La set list è sempre stata diversa, nelle varie tappe alla fine sono stati coperti tantissimi brani del repertorio. Abbiamo fatto oltre 100 pezzi in tutti questi appuntamenti e sono state comunque tutte scelte che ho fatto fare agli artisti, è bastato semplicemente equilibrare un po’ affinché non ci fossero doppioni nella stessa serata, ma tutti hanno scelto la canzone a cui erano più affezionati, a cui erano più vicini.
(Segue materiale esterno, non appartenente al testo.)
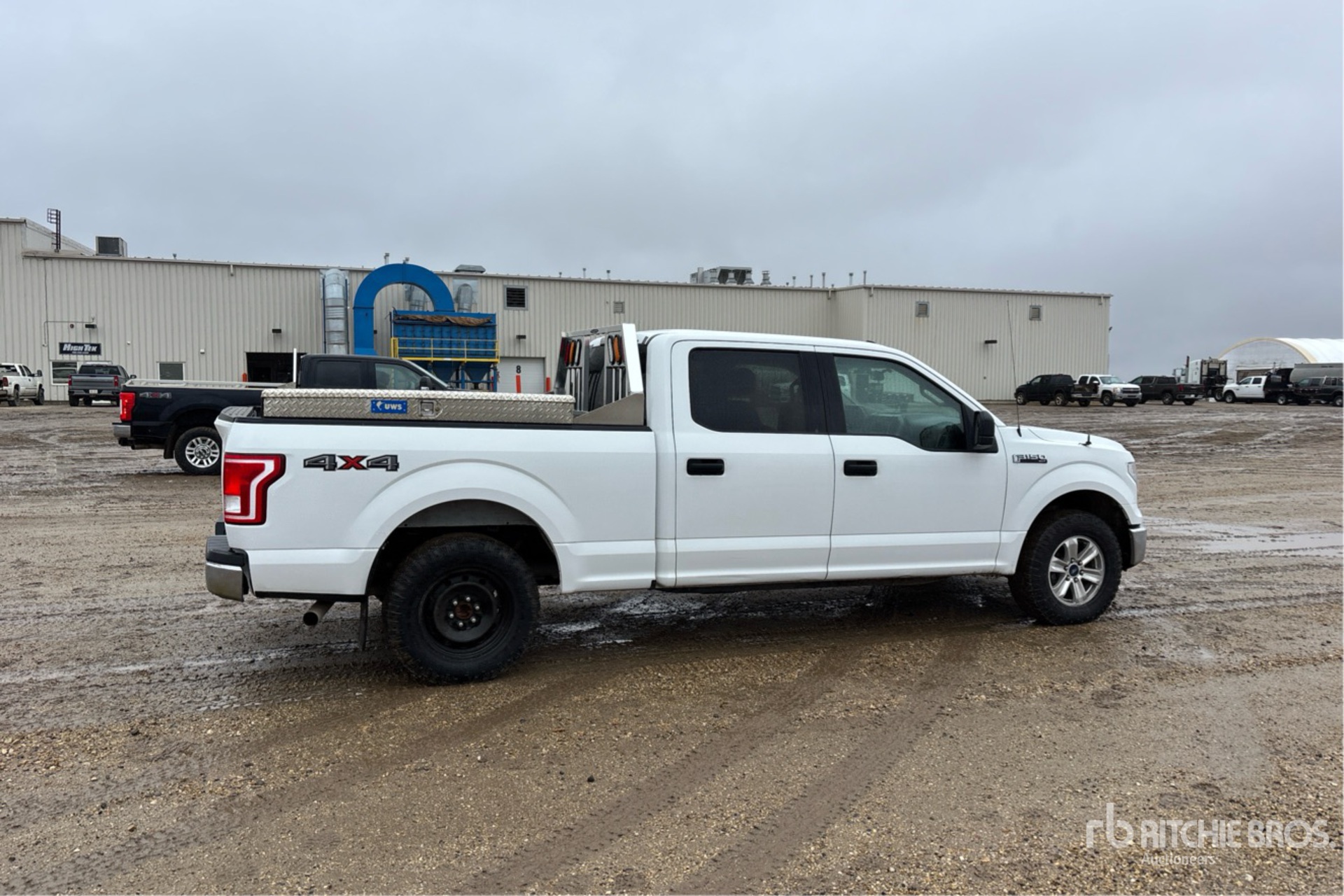 2017 Ford F-150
Quindi noi abbiamo ri-suonato canzoni magari che erano 15 anni che non suonavamo, è stato veramente bello questo, far riscoprire anche cose diverse in maniera nuova.
Tutte le volte però che noi Benvegnù salivamo sul palco, nei primi pezzi quando facevamo le cose un po’ da soli, ci giravamo verso la parte di Paolo e Paolo non c’era, sicuramente era un morso al cuore incredibile. Abbiamo cercato di migliorare, alleggerire questo morso, invitando appunto dei pezzettini di Benvegnù diversi che potessero interpretarlo e stare insieme a noi in quel palco, a coprire un pochino almeno quel vuoto che c’era accanto a noi.
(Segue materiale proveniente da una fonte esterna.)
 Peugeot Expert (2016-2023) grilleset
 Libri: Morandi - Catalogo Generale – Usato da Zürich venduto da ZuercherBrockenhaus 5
Capisco la complessità della cosa emotivamente parlando, non solo logisticamente. Allora cosa ci aspettiamo il 4 di agosto a Fiesole con l’Orchestra Multietnica di Arezzo?
A Fiesole sarà pure una festa, perché Paolo quando suonava con l’Orchestra Multietnica di Arezzo era veramente contento. Lui si sentiva uno dei cantanti dell’Orchestra Multietnica, l’orchestra composta da una trentina di musicisti che vengono da varie parti del mondo, ma che vivono ad Arezzo come stazione base e suonano insieme ad aretini da sempre. Attraverso la musica e la cultura cantiamo l’unione dei popoli, Paolo era veramente a suo agio in questa massa fluida, che muoveva le anime e gli spiriti. Paolo si sentiva proprio dentro questa cosa, quindi penso che sia la cosa migliore per ricordarlo.
Inoltre ho deciso di chiedere a Neri Marcorè di fare un intervento insieme a tutti i Benvegnù sul palco. Neri ha avuto un incontro strano con Paolo: ha partecipato alla registrazione del disco “È inutile parlare d’amore” interpretando il brano “27/12”. Gli abbiamo chiesto di fare la canzone sul palco, Neri è un’anima bella e pura e ne è felice. Paolo si era trovato benissimo nella interpretazione di Neri su quel pezzo che ha registrato nel suo studio, si sono sentiti molte volte, però senza mai incontrarsi di persona. Neri diceva sempre Paolo è un amico che non ho mai incontrato e questo omaggio dal vivo a Paolo spero che possa essere proprio l’incontro definitivo fra loro, su quel palco insieme all’orchestra. A Fiesole ripercorreremo molte canzoni del repertorio di Paolo, ma anche quello che Paolo faceva insieme all’Orchestra, delle cover che aveva fatto proprie stravolgendole, quindi canteremo De André, Paolo Ciampi, Paul Simon, The Beatles; insomma sarà un percorso completo nella memoria.